Steve Restarick

Personal information
- Full name: Stephen Leonard James Restarick
- Date of birth: 28 November 1971 (age 54)
- Place of birth: Barking, London, England
- Height: 5 ft 10 in (1.78 m)
- Position: Forward

Youth career
- Queens Park Rangers
- West Ham United
- 1988–1990: Colchester United

Senior career*
- Years: Team / Apps / (Gls)
- 1990–1992: Colchester United / 15 / (5)
- 1990: → Bury Town (loan)
- 1991: → Fisher Athletic (loan) / 11 / (1)
- 1992: → Wivenhoe Town (loan) / 17 / (11)
- 1992–1995: Chelmsford City / 150 / (63)
- 1995–1996: Dover Athletic / 26 / (4)
- 1996–1998: Crawley Town / 59 / (29)
- 1998–1999: Dulwich Hamlet
- 2001: Welling United
- 1999–2001: Gravesend & Northfleet
- 2001–2002: Crawley Town
- 2002: Dartford
- 2002: → Hastings Town (loan)
- 2002: Folkestone Invicta
- 2002–2003: Maidstone United
- 2003: Chatham Town
- Total:  / 269 / (104)

= Steve Restarick =

English footballer (born 1971)

Stephen Leonard James "Steve" Restarick (born 28 November 1971) is an English former footballer who played in the Football League as a forward for Colchester United alongside a long career in English non-league football.

==Career==

Born in Barking, London, as a schoolboy, Restarick was on the books of London-based clubs Queens Park Rangers and West Ham United before moving to Colchester United to begin his apprenticeship in 1988. During his 2nd season, he netted 33 goals, including four goals in one game on his 18th birthday. Towards the end of his apprenticeship, Restarick made his Football League debut, coming on as a substitute for Richard Wilkins during a 1–0 defeat to Peterborough United on 7 April 1990 as Colchester edged closer to relegation to the Conference.

Despite Colchester's relegation, Restarick was signed on a professional contract, loaned to Bury Town during Autumn 1990, he featured in an experimental side in the Bob Lord Trophy against Fisher Athletic on 21 January 1991, scoring two in extra-time, his first senior goals for the club, as the U's went on to record a 3–2 victory.

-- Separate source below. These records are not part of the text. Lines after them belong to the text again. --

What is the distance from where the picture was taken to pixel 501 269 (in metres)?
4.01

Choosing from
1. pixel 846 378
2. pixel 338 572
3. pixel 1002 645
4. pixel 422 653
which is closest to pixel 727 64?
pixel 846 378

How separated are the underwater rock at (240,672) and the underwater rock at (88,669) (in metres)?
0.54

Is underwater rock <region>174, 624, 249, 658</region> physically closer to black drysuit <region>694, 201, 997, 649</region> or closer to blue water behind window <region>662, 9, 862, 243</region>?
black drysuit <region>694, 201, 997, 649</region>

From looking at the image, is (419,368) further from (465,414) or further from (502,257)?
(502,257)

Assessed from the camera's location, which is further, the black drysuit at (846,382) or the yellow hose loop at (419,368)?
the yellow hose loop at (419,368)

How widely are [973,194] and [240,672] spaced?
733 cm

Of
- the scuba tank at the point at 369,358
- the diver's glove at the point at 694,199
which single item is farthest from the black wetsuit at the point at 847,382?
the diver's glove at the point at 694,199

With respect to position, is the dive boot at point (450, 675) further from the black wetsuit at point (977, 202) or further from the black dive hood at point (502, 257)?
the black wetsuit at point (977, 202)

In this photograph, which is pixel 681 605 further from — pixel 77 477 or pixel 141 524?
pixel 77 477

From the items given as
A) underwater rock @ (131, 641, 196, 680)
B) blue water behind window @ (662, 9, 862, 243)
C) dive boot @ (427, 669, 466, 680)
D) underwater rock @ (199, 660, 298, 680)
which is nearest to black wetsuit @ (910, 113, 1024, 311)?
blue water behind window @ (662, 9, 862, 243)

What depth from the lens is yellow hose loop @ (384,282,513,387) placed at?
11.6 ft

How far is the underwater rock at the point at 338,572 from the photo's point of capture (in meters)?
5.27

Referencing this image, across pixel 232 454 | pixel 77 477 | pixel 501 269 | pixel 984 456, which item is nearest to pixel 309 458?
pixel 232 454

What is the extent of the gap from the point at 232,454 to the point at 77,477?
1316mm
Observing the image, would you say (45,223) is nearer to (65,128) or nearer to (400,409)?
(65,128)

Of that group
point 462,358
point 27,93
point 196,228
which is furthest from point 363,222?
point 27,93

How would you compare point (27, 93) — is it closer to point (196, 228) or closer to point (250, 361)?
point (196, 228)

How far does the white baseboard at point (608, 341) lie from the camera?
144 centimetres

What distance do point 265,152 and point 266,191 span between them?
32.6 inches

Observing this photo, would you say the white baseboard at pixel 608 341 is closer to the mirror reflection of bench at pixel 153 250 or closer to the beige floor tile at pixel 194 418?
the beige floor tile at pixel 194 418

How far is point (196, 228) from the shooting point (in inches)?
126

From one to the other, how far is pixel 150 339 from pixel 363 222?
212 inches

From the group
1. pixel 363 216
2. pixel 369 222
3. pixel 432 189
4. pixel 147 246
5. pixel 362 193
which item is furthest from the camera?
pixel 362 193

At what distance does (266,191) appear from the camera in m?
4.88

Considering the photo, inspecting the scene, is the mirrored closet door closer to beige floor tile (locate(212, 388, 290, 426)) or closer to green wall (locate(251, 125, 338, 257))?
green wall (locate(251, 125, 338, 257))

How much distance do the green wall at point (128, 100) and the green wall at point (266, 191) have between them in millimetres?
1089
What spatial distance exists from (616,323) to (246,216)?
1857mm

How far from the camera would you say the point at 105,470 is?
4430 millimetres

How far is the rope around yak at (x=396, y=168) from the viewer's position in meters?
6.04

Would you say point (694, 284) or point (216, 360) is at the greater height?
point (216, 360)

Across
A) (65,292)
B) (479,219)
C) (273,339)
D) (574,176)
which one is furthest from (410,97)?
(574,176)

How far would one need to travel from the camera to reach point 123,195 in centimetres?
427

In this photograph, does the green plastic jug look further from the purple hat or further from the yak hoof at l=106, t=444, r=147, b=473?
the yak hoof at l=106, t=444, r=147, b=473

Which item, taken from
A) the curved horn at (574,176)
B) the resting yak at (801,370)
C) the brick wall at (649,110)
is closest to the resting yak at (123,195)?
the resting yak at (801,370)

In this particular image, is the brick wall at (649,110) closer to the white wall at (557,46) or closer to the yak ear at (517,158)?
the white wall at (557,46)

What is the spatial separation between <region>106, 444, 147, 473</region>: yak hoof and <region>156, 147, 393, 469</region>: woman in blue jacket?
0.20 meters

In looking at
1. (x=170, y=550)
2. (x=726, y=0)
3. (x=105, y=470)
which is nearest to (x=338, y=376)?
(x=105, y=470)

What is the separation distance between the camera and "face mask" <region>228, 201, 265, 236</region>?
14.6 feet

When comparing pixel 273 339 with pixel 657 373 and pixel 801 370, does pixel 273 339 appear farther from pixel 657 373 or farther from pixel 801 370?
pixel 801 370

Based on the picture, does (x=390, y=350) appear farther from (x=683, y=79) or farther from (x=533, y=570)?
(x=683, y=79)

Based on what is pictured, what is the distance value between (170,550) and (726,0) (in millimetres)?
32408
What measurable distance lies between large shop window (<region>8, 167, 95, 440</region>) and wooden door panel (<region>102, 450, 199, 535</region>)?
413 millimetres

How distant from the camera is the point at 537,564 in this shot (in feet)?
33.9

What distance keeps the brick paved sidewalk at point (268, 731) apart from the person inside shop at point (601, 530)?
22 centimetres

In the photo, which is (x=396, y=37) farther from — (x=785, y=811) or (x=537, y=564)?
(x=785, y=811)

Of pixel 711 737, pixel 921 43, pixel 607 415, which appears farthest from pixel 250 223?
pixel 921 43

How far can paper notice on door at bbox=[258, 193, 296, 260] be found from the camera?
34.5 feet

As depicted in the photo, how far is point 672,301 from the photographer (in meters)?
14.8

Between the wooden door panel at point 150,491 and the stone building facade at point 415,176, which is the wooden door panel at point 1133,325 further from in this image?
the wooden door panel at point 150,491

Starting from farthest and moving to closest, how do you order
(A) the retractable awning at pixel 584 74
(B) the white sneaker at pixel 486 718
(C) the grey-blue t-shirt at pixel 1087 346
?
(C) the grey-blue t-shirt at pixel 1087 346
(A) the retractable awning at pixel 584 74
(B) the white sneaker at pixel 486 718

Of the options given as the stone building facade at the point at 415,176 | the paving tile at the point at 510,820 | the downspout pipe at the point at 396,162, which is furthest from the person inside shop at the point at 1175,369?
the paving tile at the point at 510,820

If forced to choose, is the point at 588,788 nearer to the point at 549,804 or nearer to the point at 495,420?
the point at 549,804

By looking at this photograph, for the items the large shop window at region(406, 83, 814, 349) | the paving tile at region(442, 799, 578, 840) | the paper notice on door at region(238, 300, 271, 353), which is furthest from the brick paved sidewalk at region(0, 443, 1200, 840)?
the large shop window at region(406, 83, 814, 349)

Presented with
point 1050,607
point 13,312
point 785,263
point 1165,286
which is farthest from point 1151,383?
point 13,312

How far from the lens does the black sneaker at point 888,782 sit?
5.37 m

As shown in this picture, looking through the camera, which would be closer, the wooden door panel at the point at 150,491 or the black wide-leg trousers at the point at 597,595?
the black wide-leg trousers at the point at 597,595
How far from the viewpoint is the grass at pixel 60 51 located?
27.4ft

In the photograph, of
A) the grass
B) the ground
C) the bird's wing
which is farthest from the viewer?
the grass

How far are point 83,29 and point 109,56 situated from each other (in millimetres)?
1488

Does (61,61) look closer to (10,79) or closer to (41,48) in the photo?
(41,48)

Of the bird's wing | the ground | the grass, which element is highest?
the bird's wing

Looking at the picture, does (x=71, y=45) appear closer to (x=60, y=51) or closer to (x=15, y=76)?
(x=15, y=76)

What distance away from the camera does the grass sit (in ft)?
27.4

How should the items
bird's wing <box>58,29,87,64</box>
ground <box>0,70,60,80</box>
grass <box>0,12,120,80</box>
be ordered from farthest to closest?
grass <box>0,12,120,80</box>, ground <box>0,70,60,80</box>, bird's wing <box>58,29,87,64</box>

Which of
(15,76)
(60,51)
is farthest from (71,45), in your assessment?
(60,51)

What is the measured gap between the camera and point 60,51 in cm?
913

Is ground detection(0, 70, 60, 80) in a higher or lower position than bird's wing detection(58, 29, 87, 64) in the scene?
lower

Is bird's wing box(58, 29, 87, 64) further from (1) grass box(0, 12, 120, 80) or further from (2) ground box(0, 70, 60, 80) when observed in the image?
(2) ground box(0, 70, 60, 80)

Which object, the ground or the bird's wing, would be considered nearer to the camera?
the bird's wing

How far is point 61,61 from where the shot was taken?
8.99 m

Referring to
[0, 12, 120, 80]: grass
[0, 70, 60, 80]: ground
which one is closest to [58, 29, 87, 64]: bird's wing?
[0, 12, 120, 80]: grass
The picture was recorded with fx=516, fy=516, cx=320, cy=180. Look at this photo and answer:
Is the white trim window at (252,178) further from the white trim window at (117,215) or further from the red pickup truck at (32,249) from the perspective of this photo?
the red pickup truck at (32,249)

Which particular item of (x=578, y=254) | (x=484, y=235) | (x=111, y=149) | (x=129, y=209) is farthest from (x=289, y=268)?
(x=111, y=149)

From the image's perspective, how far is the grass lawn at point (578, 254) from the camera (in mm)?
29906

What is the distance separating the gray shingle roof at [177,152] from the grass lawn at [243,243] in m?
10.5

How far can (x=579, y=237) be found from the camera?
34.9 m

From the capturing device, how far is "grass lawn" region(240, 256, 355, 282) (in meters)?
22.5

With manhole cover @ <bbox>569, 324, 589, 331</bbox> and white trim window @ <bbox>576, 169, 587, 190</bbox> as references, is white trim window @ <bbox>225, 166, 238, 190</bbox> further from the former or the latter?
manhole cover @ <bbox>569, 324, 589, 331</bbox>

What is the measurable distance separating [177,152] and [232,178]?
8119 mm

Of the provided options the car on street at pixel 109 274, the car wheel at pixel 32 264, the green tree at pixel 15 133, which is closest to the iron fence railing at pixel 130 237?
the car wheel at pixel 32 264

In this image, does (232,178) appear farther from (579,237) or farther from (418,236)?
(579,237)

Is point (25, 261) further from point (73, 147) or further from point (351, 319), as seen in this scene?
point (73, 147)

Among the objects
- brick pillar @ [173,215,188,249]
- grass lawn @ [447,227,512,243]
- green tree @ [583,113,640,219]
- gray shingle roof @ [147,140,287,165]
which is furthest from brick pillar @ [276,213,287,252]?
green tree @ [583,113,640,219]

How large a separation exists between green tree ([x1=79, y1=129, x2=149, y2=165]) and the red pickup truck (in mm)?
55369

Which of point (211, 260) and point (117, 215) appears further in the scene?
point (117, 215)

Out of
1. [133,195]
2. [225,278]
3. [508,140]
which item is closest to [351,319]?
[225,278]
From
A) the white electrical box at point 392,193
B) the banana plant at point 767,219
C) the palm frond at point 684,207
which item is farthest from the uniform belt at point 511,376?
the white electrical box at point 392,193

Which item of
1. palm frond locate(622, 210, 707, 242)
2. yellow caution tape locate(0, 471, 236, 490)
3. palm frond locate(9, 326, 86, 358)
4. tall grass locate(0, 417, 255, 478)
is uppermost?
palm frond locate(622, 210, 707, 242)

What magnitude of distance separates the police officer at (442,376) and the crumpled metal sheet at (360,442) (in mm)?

Later in March 1991, he joined Fisher on loan alongside fellow youth-team product John Pollard, scoring once in 11 games.

During Colchester's Conference and FA Trophy double-winning season, Restarick contributed first-team goals in three different cup competitions but found first-team opportunities hard to come by, failing to register a league goal. He was loaned to local club Wivenhoe Town for a chunk of the 1991–92 season, finishing as Town's leading scorer with 11 goals in 17 games.

As Colchester were promoted back to the Football League, Restarick was released, joining Chelmsford City where he scored 63 goals in 150 games for the club. This earned him a five-figure fee move to Conference side Dover Athletic, where he scored four goals in 26 Conference games. He later played for Crawley Town, Dulwich Hamlet, Welling United, Gravesend & Northfleet and a second spell with Crawley. He then moved to Dartford, turning out on loan at Hastings United before a signing for Folkestone Invicta. He was made player-coach at Maidstone United and then made appearances for Chatham Town before returning to Dulwich Hamlet where he retired at the end of the 2022-23 season.